→ YOUR GOAL
Return all of the material that follows, keeping each line exactly as it is.

→ EXERCISE MATERIALS
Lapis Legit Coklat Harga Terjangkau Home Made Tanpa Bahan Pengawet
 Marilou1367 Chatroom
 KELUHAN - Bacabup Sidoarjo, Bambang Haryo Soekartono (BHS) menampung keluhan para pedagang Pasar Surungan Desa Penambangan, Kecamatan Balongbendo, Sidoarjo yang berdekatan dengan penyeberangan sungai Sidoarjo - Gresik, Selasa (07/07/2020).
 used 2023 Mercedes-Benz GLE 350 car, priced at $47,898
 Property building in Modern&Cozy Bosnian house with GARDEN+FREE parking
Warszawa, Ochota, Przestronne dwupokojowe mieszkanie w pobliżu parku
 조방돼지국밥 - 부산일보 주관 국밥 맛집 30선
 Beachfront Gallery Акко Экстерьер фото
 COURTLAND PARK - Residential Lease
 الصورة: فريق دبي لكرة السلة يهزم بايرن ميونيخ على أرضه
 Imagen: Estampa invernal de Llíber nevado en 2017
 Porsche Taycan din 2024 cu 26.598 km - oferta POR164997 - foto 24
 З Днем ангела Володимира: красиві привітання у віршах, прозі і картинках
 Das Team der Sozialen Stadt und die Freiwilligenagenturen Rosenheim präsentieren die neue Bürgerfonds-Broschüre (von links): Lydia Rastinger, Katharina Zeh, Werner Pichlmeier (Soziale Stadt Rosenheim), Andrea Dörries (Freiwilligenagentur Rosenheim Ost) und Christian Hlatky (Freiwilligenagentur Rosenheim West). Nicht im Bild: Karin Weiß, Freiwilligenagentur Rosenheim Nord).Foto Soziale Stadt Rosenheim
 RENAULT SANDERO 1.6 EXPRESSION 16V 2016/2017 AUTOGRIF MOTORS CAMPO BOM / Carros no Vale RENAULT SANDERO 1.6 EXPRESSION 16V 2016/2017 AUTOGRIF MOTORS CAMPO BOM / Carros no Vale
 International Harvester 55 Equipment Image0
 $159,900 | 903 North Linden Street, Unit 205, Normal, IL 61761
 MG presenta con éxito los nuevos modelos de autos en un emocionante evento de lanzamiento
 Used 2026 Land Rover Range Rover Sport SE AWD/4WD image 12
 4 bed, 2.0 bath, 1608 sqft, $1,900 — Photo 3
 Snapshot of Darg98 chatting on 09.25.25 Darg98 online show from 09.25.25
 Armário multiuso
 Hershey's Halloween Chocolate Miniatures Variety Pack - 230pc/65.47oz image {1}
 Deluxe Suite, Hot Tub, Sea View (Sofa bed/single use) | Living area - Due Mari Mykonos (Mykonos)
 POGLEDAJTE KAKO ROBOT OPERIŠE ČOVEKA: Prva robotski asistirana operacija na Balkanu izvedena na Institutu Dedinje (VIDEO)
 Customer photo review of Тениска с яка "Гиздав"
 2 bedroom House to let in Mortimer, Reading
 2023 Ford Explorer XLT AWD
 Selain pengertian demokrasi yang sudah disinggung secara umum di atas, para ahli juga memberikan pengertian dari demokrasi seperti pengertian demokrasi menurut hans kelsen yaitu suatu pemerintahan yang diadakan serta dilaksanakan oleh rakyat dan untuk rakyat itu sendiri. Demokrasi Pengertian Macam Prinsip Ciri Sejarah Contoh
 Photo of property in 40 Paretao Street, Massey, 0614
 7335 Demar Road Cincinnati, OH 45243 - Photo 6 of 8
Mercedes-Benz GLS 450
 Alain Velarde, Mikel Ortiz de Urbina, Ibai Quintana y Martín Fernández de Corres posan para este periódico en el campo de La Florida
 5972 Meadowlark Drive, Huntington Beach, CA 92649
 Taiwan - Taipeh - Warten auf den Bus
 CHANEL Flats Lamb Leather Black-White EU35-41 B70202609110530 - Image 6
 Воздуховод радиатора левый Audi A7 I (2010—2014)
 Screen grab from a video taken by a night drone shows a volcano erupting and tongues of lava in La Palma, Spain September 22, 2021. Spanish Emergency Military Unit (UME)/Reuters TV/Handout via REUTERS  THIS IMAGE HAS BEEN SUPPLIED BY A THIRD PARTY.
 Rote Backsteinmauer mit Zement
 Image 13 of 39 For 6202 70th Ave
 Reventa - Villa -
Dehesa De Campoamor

→ EXERCISE ANSWER
Lapis Legit Coklat Harga Terjangkau Home Made Tanpa Bahan Pengawet
 Marilou1367 Chatroom
 KELUHAN - Bacabup Sidoarjo, Bambang Haryo Soekartono (BHS) menampung keluhan para pedagang Pasar Surungan Desa Penambangan, Kecamatan Balongbendo, Sidoarjo yang berdekatan dengan penyeberangan sungai Sidoarjo - Gresik, Selasa (07/07/2020).
 used 2023 Mercedes-Benz GLE 350 car, priced at $47,898
 Property building in Modern&Cozy Bosnian house with GARDEN+FREE parking
Warszawa, Ochota, Przestronne dwupokojowe mieszkanie w pobliżu parku
 조방돼지국밥 - 부산일보 주관 국밥 맛집 30선
 Beachfront Gallery Акко Экстерьер фото
 COURTLAND PARK - Residential Lease
 الصورة: فريق دبي لكرة السلة يهزم بايرن ميونيخ على أرضه
 Imagen: Estampa invernal de Llíber nevado en 2017
 Porsche Taycan din 2024 cu 26.598 km - oferta POR164997 - foto 24
 З Днем ангела Володимира: красиві привітання у віршах, прозі і картинках
 Das Team der Sozialen Stadt und die Freiwilligenagenturen Rosenheim präsentieren die neue Bürgerfonds-Broschüre (von links): Lydia Rastinger, Katharina Zeh, Werner Pichlmeier (Soziale Stadt Rosenheim), Andrea Dörries (Freiwilligenagentur Rosenheim Ost) und Christian Hlatky (Freiwilligenagentur Rosenheim West). Nicht im Bild: Karin Weiß, Freiwilligenagentur Rosenheim Nord).Foto Soziale Stadt Rosenheim
 RENAULT SANDERO 1.6 EXPRESSION 16V 2016/2017 AUTOGRIF MOTORS CAMPO BOM / Carros no Vale RENAULT SANDERO 1.6 EXPRESSION 16V 2016/2017 AUTOGRIF MOTORS CAMPO BOM / Carros no Vale
 International Harvester 55 Equipment Image0
 $159,900 | 903 North Linden Street, Unit 205, Normal, IL 61761
 MG presenta con éxito los nuevos modelos de autos en un emocionante evento de lanzamiento
 Used 2026 Land Rover Range Rover Sport SE AWD/4WD image 12
 4 bed, 2.0 bath, 1608 sqft, $1,900 — Photo 3
 Snapshot of Darg98 chatting on 09.25.25 Darg98 online show from 09.25.25
 Armário multiuso
 Hershey's Halloween Chocolate Miniatures Variety Pack - 230pc/65.47oz image {1}
 Deluxe Suite, Hot Tub, Sea View (Sofa bed/single use) | Living area - Due Mari Mykonos (Mykonos)
 POGLEDAJTE KAKO ROBOT OPERIŠE ČOVEKA: Prva robotski asistirana operacija na Balkanu izvedena na Institutu Dedinje (VIDEO)
 Customer photo review of Тениска с яка "Гиздав"
 2 bedroom House to let in Mortimer, Reading
 2023 Ford Explorer XLT AWD
 Selain pengertian demokrasi yang sudah disinggung secara umum di atas, para ahli juga memberikan pengertian dari demokrasi seperti pengertian demokrasi menurut hans kelsen yaitu suatu pemerintahan yang diadakan serta dilaksanakan oleh rakyat dan untuk rakyat itu sendiri. Demokrasi Pengertian Macam Prinsip Ciri Sejarah Contoh
 Photo of property in 40 Paretao Street, Massey, 0614
 7335 Demar Road Cincinnati, OH 45243 - Photo 6 of 8
Mercedes-Benz GLS 450
 Alain Velarde, Mikel Ortiz de Urbina, Ibai Quintana y Martín Fernández de Corres posan para este periódico en el campo de La Florida
 5972 Meadowlark Drive, Huntington Beach, CA 92649
 Taiwan - Taipeh - Warten auf den Bus
 CHANEL Flats Lamb Leather Black-White EU35-41 B70202609110530 - Image 6
 Воздуховод радиатора левый Audi A7 I (2010—2014)
 Screen grab from a video taken by a night drone shows a volcano erupting and tongues of lava in La Palma, Spain September 22, 2021. Spanish Emergency Military Unit (UME)/Reuters TV/Handout via REUTERS  THIS IMAGE HAS BEEN SUPPLIED BY A THIRD PARTY.
 Rote Backsteinmauer mit Zement
 Image 13 of 39 For 6202 70th Ave
 Reventa - Villa -
Dehesa De Campoamor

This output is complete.